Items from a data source
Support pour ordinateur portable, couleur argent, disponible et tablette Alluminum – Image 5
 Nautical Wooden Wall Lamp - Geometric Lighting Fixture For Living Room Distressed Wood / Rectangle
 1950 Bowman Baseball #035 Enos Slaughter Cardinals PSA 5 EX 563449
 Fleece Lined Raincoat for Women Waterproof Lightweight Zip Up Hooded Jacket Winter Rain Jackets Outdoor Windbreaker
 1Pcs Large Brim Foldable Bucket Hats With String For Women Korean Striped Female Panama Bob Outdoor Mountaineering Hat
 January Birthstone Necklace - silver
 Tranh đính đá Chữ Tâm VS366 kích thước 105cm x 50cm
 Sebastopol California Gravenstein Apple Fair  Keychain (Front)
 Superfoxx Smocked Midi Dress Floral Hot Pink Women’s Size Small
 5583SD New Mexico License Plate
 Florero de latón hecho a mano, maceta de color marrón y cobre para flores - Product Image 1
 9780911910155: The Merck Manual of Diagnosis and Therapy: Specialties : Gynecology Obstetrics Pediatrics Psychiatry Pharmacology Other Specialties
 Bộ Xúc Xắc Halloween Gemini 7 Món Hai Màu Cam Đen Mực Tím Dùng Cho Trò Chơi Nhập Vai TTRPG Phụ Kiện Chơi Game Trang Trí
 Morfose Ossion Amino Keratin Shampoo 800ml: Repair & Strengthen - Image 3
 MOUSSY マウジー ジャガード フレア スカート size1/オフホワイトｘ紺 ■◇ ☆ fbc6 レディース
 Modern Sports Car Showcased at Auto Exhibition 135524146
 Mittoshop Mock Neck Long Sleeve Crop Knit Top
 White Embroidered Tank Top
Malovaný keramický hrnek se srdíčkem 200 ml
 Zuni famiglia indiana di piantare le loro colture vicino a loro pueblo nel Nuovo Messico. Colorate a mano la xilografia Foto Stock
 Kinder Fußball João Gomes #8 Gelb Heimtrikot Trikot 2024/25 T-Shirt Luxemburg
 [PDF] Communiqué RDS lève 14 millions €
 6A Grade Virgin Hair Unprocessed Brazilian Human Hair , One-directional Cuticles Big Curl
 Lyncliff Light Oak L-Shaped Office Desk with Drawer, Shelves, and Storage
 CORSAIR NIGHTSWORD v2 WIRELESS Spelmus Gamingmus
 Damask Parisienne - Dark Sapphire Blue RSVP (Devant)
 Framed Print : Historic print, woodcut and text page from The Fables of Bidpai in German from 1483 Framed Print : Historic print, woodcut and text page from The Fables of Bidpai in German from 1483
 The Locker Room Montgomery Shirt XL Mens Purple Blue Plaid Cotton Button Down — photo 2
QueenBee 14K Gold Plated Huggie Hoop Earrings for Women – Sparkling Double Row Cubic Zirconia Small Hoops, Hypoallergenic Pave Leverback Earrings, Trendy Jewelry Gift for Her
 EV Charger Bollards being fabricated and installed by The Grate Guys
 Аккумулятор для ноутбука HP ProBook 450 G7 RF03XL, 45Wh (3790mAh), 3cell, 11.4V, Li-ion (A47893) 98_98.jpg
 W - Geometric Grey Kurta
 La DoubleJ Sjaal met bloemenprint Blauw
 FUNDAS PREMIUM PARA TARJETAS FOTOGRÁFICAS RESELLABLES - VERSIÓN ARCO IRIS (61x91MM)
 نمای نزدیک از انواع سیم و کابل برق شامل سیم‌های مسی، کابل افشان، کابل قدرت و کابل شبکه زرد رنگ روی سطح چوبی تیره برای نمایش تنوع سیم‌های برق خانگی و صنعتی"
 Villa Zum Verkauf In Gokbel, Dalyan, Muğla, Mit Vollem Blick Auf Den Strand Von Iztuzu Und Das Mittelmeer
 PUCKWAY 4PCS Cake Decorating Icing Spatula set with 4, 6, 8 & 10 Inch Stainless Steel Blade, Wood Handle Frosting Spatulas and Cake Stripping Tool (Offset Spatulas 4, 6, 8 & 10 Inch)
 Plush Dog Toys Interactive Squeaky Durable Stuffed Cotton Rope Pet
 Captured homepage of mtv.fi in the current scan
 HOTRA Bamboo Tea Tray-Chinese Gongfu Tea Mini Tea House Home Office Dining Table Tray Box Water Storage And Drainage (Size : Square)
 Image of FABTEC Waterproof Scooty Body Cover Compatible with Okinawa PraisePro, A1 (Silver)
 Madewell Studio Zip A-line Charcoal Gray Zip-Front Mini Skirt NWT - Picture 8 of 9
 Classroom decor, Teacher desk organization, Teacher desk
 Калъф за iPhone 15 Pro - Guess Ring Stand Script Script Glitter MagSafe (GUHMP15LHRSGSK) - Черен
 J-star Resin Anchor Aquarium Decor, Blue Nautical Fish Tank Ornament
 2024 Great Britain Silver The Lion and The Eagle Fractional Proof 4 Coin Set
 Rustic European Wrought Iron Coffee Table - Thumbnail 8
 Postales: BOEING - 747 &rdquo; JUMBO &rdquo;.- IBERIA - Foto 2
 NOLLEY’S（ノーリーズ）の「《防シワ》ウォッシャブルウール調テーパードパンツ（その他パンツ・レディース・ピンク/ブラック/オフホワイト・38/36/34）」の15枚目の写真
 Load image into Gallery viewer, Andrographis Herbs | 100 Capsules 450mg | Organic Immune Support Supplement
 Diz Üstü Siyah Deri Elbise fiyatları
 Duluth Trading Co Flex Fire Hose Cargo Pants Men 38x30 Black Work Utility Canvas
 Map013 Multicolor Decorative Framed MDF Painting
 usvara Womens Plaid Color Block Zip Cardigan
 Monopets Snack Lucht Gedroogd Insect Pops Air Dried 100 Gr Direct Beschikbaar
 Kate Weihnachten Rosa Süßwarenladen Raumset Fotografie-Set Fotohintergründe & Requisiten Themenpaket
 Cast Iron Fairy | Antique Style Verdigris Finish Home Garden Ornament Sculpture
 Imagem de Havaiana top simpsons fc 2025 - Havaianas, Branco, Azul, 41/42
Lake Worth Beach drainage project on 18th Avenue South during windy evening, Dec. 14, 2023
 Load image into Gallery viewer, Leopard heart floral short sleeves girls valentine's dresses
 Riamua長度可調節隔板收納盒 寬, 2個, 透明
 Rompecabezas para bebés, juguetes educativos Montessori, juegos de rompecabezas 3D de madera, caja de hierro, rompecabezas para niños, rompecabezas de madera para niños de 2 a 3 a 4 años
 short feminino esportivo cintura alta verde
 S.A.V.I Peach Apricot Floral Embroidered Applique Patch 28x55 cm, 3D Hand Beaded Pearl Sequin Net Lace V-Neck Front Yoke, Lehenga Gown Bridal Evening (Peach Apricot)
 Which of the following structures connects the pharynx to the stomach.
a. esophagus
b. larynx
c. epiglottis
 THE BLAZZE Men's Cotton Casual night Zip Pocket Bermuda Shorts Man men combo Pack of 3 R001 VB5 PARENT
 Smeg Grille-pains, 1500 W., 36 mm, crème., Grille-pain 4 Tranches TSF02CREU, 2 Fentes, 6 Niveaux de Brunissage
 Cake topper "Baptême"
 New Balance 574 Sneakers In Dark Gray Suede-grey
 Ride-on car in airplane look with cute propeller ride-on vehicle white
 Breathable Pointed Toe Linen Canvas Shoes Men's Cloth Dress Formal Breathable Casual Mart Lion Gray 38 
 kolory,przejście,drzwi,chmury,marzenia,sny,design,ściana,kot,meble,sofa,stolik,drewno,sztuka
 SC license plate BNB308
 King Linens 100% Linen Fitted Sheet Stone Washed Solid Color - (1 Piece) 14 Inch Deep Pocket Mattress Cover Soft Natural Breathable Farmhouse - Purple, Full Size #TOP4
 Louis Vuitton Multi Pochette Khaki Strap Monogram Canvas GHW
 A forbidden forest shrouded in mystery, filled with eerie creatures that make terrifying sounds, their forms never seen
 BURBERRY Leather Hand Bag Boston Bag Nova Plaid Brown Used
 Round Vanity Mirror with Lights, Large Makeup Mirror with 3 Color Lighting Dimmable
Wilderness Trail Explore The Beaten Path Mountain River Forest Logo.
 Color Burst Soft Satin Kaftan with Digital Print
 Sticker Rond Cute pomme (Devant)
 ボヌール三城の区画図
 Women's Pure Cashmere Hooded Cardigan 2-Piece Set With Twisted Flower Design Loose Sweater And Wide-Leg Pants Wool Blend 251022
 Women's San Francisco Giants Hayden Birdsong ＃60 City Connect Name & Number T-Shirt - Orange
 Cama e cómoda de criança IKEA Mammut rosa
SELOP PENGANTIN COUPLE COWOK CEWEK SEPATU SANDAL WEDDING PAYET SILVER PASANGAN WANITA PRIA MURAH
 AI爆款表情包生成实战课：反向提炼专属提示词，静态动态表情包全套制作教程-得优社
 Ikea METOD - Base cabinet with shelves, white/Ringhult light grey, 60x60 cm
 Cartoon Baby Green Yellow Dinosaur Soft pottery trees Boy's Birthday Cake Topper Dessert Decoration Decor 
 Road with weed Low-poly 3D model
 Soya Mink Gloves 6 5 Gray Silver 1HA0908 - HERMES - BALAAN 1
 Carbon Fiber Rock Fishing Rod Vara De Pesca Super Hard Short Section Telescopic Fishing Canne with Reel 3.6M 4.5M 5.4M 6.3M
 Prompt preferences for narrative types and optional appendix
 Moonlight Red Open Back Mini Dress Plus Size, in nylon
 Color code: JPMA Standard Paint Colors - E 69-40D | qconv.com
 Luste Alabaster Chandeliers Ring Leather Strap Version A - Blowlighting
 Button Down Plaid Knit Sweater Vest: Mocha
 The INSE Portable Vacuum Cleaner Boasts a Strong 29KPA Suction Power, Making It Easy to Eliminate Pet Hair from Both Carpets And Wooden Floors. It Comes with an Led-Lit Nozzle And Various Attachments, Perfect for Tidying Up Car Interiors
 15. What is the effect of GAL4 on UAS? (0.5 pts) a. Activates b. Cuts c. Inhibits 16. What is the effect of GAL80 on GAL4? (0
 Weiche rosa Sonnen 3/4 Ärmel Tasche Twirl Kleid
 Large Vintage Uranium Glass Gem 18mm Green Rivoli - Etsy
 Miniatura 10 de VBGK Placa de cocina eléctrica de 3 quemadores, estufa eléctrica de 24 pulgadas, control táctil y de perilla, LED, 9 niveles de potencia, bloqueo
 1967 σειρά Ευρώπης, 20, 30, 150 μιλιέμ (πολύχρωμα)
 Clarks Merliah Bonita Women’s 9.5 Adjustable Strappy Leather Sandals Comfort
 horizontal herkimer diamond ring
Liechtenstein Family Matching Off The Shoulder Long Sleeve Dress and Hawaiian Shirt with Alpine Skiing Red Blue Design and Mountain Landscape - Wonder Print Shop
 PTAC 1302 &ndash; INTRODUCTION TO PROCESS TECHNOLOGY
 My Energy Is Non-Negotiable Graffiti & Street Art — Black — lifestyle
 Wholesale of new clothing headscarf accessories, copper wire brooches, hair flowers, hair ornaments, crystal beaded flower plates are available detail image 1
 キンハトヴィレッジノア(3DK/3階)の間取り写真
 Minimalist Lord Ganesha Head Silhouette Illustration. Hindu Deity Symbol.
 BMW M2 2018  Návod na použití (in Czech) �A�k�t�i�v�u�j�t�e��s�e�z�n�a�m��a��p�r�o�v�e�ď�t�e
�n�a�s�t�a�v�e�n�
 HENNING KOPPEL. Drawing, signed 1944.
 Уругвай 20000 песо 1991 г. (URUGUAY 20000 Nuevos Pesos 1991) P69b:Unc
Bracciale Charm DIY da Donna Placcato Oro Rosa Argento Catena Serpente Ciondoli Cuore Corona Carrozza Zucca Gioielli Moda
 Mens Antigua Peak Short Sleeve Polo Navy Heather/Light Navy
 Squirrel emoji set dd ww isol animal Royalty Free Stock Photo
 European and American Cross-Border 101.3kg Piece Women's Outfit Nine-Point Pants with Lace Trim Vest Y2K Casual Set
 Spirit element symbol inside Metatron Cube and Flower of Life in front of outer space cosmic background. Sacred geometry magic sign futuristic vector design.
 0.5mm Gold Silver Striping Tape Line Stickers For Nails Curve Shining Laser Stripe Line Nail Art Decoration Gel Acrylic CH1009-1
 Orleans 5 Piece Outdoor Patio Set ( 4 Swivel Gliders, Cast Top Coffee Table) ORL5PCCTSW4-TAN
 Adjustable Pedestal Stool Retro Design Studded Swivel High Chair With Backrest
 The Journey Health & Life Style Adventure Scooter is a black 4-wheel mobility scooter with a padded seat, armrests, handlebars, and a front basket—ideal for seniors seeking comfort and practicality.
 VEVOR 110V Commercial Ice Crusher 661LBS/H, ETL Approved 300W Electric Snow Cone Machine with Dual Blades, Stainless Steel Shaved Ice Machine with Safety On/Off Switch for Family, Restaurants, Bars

Prompt:
All lines with the string "Long" must be copied from the data.

Task response:
 Mittoshop Mock Neck Long Sleeve Crop Knit Top
Liechtenstein Family Matching Off The Shoulder Long Sleeve Dress and Hawaiian Shirt with Alpine Skiing Red Blue Design and Mountain Landscape - Wonder Print Shop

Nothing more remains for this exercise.